Certo la crisi economica profonda nel Paese c’è, ma come spiegare il sostegno a Maduro, dopo l’auoproclamazione del 23 gennaio, dopo il boicottaggio dei blackout, dopo 5 anni di sanzioni? Senza dimenticare la tempistica del «golpe», proclamato il giorno prima del Primo Maggio, quando presidenza, governo e Forze armate avrebbero partecipato a manifestazioni preparate proprio per la festa dei lavoratori e belle e pronte come risposta di massa al tentativo golpista. Ora la provocazione resta in campo. Perché – visto che in ogni paese al mondo se un leader politico chiama alla rivolta militare perlomeno viene interrogato – tutti aspettano un mandato d’arresto per Leopoldo Lopez e Juan Guaidó, probabilmente mandato scientemente allo sbaraglio dai padrini statunitensi perché si «martirizzasse».
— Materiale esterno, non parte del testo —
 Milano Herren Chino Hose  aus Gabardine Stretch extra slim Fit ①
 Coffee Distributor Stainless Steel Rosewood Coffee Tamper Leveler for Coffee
Insomma, nonostante l’evidente fallimento è tutt’altro che finita. Ed è grave perché la vera debolezza del Venezuela a questo punto non è militare, è la sua crisi economica, la mancanza di una opposizione non golpista e la necessità solo annunciata di nuove elezioni politiche. E, come ripete l’autorevole sociologo Raul Zibechi, pur critico di Maduro «se i tentativi di golpe non vengono fermati, salta tutto» e non ci sarà alcuna possibilità di «via negoziata» né di revisione critica dei gravi errori del «socialismo bolivariano» che rischia di sopravvivere ed offrire il fianco a nuovi, scellerati tentativi golpisti; né tantomeno ci sarà un nuovo, necessario, protagonismo popolare.